▶ Supplied data
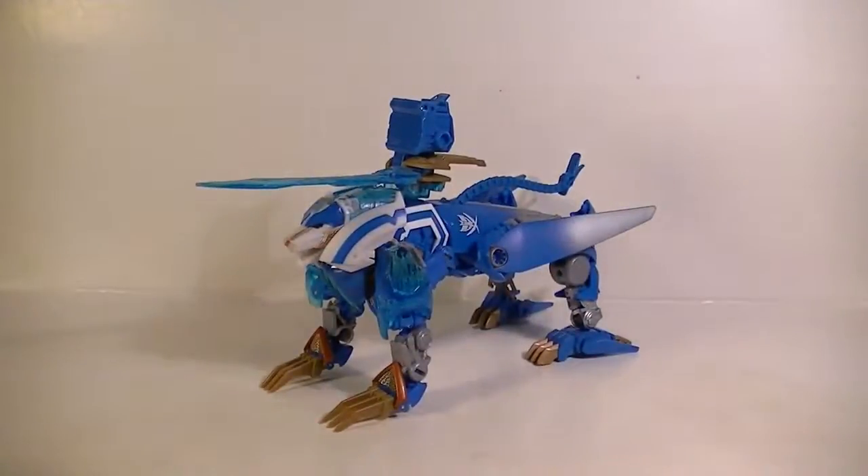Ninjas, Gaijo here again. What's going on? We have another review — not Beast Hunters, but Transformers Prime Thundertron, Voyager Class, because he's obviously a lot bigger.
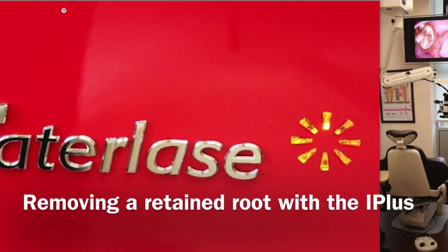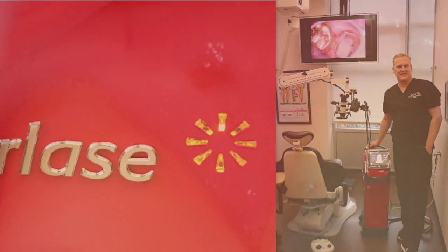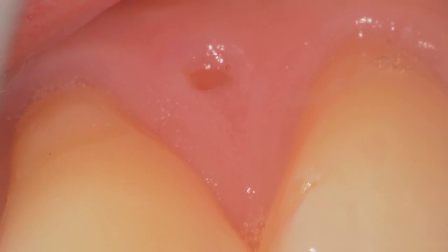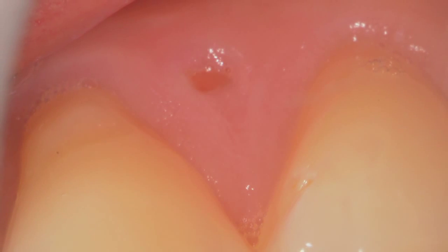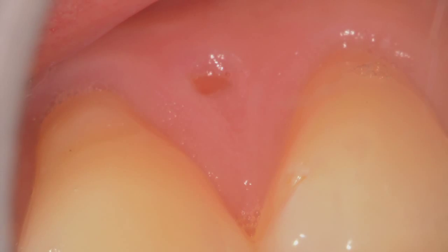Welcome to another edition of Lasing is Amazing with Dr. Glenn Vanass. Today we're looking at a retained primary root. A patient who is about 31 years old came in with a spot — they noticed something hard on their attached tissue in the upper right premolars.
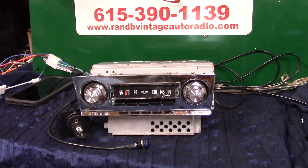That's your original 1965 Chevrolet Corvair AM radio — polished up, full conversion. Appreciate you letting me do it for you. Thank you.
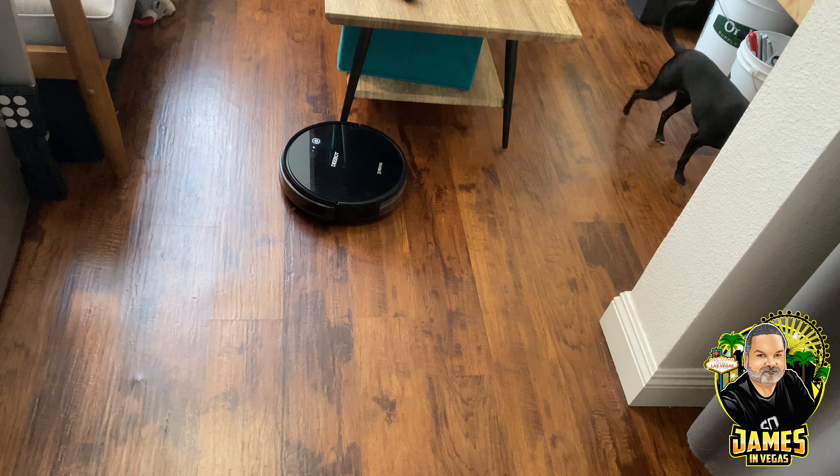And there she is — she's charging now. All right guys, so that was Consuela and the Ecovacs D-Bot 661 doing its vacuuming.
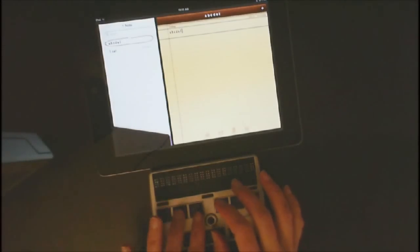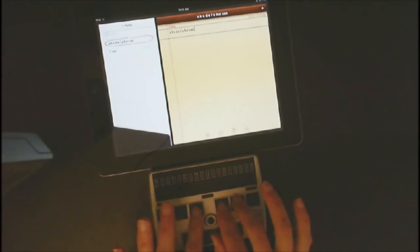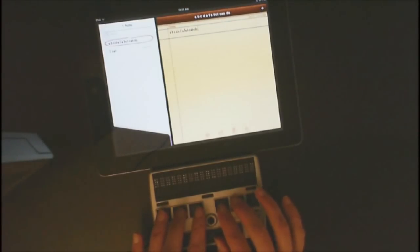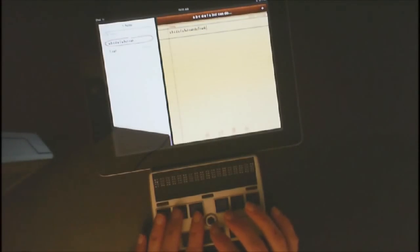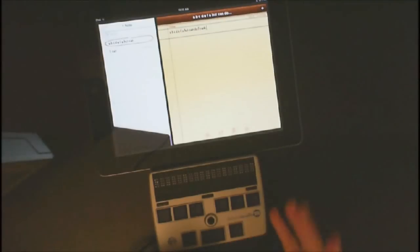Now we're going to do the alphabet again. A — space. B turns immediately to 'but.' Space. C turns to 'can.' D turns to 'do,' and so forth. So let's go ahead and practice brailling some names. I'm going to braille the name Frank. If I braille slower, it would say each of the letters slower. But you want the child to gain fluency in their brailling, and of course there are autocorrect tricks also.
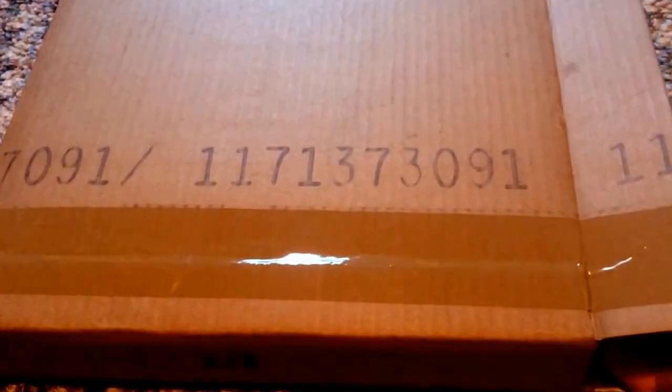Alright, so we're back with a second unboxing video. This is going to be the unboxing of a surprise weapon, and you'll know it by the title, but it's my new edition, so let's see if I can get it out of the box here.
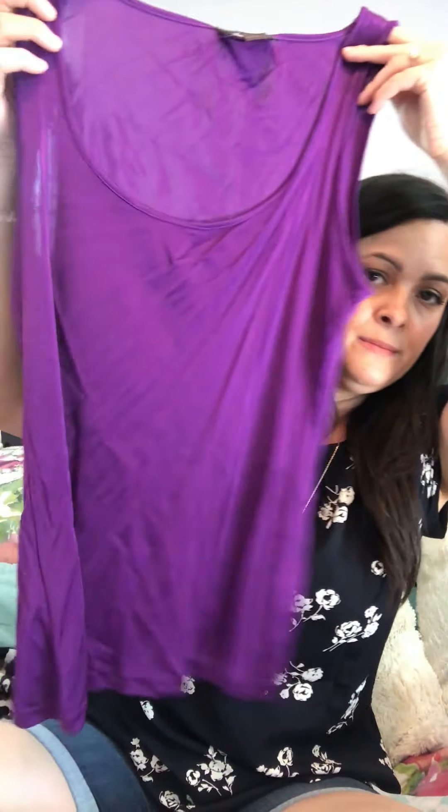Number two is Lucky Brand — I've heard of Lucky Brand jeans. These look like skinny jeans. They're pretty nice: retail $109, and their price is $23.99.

...

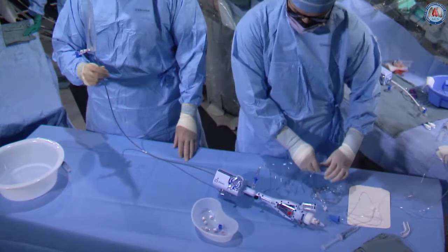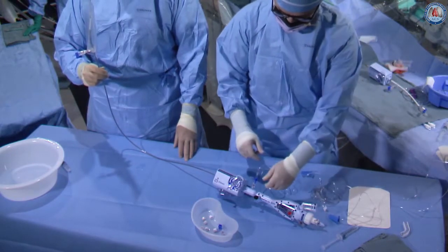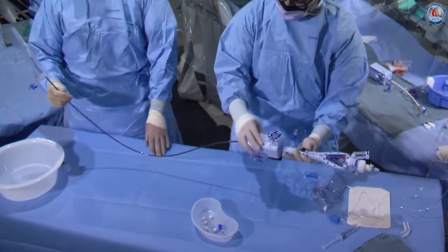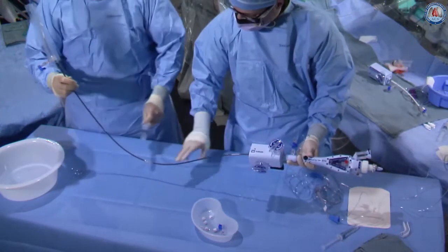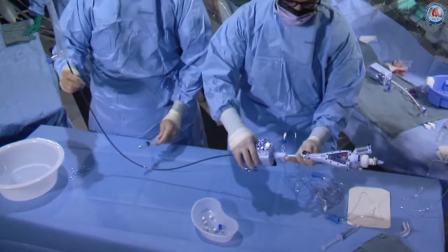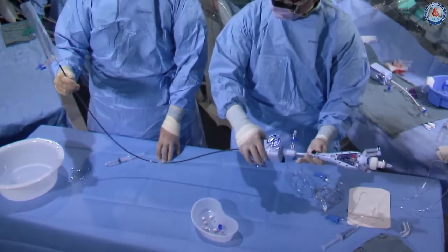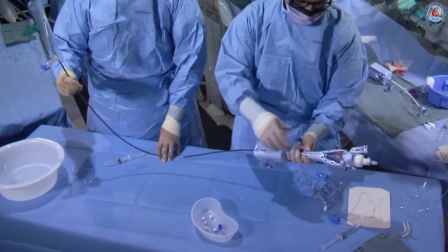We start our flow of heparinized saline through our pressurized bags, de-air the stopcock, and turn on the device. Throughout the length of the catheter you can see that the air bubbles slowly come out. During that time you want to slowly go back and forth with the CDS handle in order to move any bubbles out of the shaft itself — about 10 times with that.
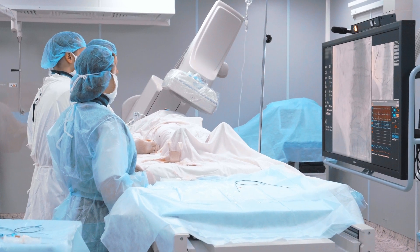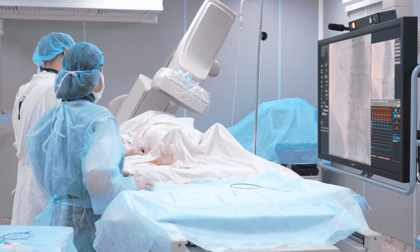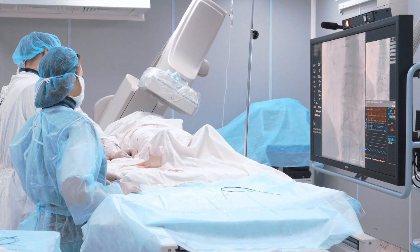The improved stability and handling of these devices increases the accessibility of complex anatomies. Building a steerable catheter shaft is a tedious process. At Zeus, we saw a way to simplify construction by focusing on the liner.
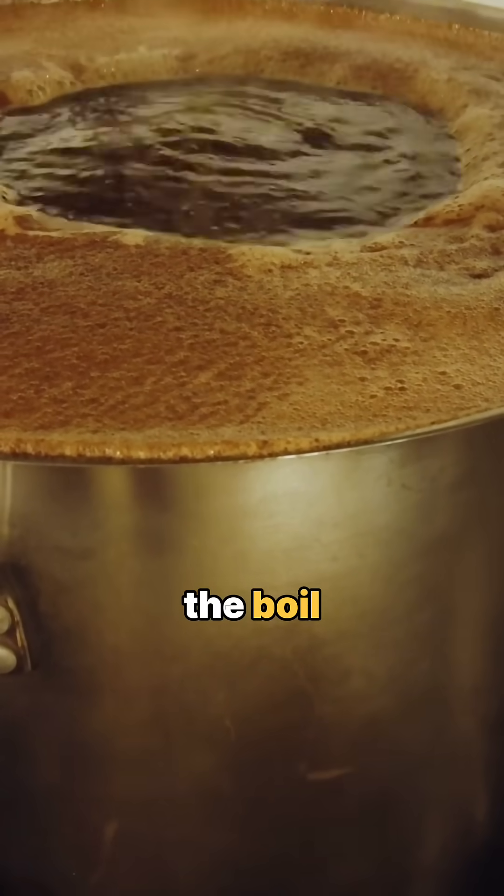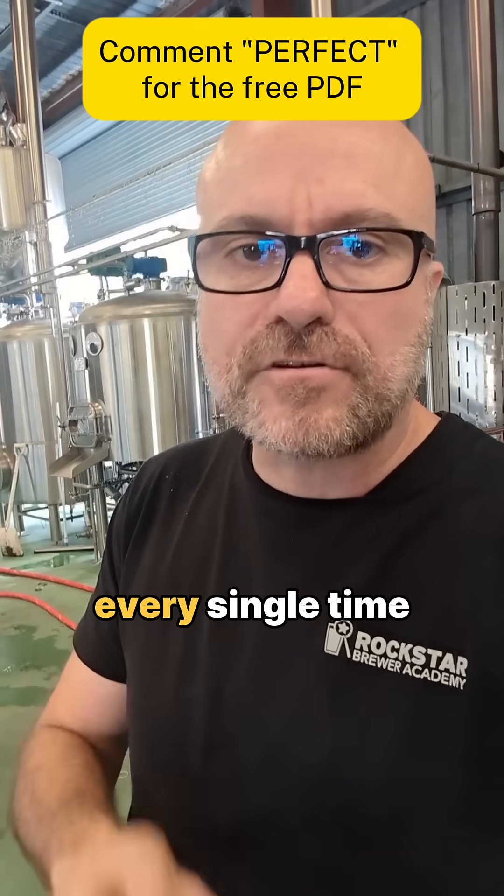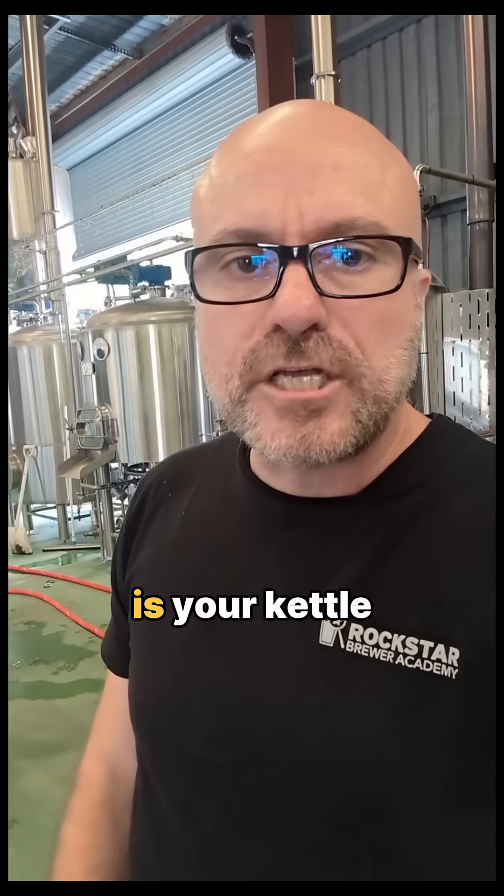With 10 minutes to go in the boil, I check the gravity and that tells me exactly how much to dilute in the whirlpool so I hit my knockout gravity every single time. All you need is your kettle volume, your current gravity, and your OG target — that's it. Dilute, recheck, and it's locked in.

---

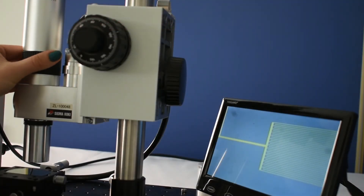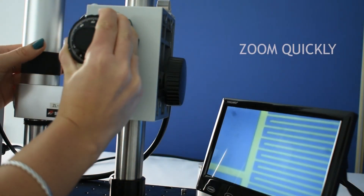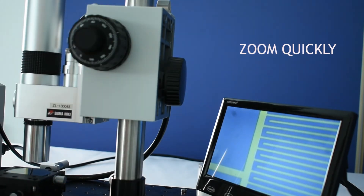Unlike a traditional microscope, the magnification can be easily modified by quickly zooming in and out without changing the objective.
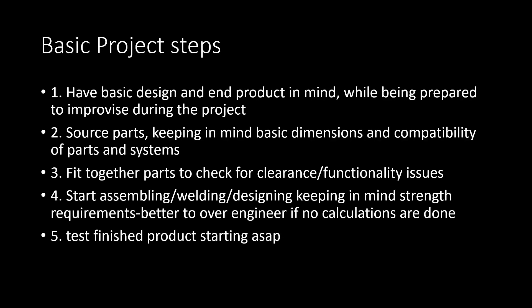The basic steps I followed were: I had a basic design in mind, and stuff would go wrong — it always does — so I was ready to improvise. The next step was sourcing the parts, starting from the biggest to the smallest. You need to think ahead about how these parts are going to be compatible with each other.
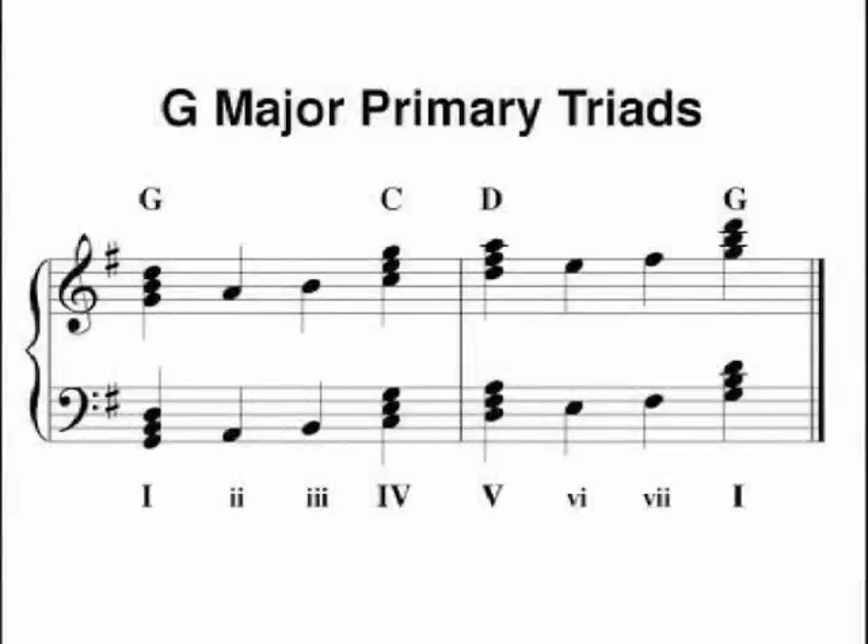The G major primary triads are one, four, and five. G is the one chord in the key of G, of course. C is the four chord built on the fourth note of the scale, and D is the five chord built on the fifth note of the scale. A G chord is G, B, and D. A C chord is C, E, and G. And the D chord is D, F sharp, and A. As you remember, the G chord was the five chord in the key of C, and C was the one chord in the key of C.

▶ Work request
Copy only what runs above from the line containing "Alright, so we're" through the line containing "Number two is", exactly. Leave out the pictures.

▶ Exercise result
Alright, so we're back with a second unboxing video. This is going to be the unboxing of a surprise weapon, and you'll know it by the title, but it's my new edition, so let's see if I can get it out of the box here.
Number two is Lucky Brand — I've heard of Lucky Brand jeans. These look like skinny jeans. They're pretty nice: retail $109, and their price is $23.99.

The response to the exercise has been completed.